JYD’s on-floor defensive leadership will be vital as the Hawks seek not only to render LeBron’s NBA 2K15 cheat-code performance negligible once again, but to close out on perimeter shooters. He, Kent Bazemore and the Hawks’ big men must also box out the cherry-picking Cavalier big men and eliminate the prospect of tip-outs from missed Cav field goal attempts. Perhaps James’ most consequential boxscore stat in Game 3 were eight offensive rebounds, giving his team a decisive edge in second-chance points that Carroll and the Hawks must work together to wipe out.

Like Carroll, Paul Millsap is about to get some very nice financial offers this summer. And, like Carroll, he doesn’t care one whit about that. Both forwards feel what they have to offer is integral to the continued rise of the Hawks, whether it’s as a starter or in a handsomely-paid bench role down the line.

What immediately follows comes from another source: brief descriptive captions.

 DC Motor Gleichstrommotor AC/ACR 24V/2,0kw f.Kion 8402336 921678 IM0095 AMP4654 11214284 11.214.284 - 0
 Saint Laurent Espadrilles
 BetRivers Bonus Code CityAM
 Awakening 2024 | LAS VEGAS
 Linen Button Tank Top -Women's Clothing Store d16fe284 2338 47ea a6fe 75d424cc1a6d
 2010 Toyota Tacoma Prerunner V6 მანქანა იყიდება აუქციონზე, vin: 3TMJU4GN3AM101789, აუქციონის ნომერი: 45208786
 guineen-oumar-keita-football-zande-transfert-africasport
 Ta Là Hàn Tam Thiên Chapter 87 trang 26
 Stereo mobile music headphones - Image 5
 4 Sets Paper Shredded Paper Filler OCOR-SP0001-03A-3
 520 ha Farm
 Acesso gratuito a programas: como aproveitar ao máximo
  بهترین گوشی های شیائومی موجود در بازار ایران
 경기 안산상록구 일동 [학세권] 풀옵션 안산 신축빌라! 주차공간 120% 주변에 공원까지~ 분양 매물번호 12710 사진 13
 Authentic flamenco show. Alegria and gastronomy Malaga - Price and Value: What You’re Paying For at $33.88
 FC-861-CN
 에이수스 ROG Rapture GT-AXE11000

The two-time All-Star power forward can whet the appetites of GMs everywhere all the more with a strong finish to this year’s playoff run, one that would allow people to forget that he’s shot a paltry 42.7 2FG% over the course of the last two postseasons. Aside from the need for better defensive rebounding and finishing in the clutch, Millsap’s ability, along with Jeff Teague’s (combined 20-for-20 FTs in Game 3) to draw trips to the free throw line and shoot them accurately will continue to be important in Game 4.

Whether passing, defending, driving, or shooting, Teague (30 points, 7 assists, zero TOs in Game 3) has to make winning plays, unlike the heave at the close of regulation in Game 3 that took the Cavs off the hook. Shelvin Mack (3-for-7 3FGs) bedeviled the Cavs with the occasional three-point shot in Game 3, helping his teammates make up for the loss of Korver on offense. But Mack’s defensive shortcomings set the floor for the play of Dennis Schröder (3.5 minutes of Game 3 action) tonight.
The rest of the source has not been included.